I had just moved to Spencer in September, and as I looked out my window that cold December night, my breath fogging up the window pane before me…as I watched the Spencer Christmas parade, the high point of Christmas in Spencer, from my apartment, warm salty tears fell down my face. The dreadful horn honking went on for a half hour. The trucks were nice but not … Christmas-y. There was no Christmas music or Christmas creche or even Santa Claus. I think there may have been a Christmas Queen waving to the big crowd from a big truck, but that was it. It felt like there was no Christmas in Spencer. No town holiday lights were strung along the lampposts on Main Street. No town Christmas tree. No Christmas wreaths hung on the doors of most of the small businesses. And everyone, including the Christmas queen, seemed to be wearing the lightest of fall jackets. And as I looked out my window, roused out of a restless sleep on my bed, startled by all the horn honking and siren screeching, I saw below me Pottersville, right out of the old James Stewart movie, IT’S A WONDERFUL LIFE. Before George Bailey (Stewart) wakes up from his nightmare and his town is back to its old sparkly decorated cute Christmas self. Then I saw in the Spencer crowd a little girl (was she four years old? five?) sitting on her dad’s shoulders to better see the Christmas parade. She was wearing a pink fall jacket and watching the parade intently and giggling and having a great ol’ time. She wasn’t wearing a hat or mittens or gloves on this harshest of country winter nights, and yet here she was, waving to beat the band, positively ecstatic. So I cried even harder! She and her father looked so poor! They seemed so nice! Would the little girls’ tiny fingers get frost bitten?! What kind of apartment did she and her family live in? Was it safe and warm inside?

IMG20230416093320
The Spencer PD always leads the parade!

Here it is spring time and I’m not crying over a Spencer parade.

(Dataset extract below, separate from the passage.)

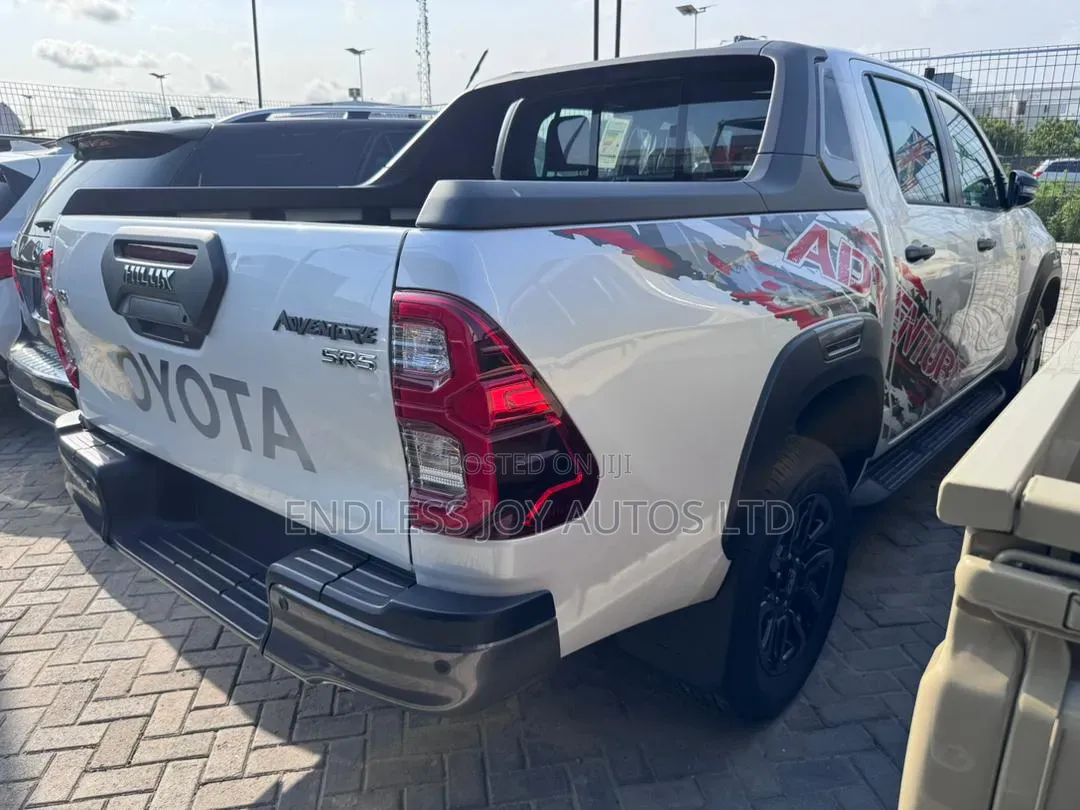 Toyota Land Cruiser LC300 2024 White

I am seeing it for what it is: a town, a poorer town in rich Massachusetts, coming together, neighbor to neighbor, friend to friend, family member to family member, finding joy in what is given to them, taking part in a community tradition, the town parade … living in their moment in their town, making another memory for themselves in their place, their home, their beloved Spencer.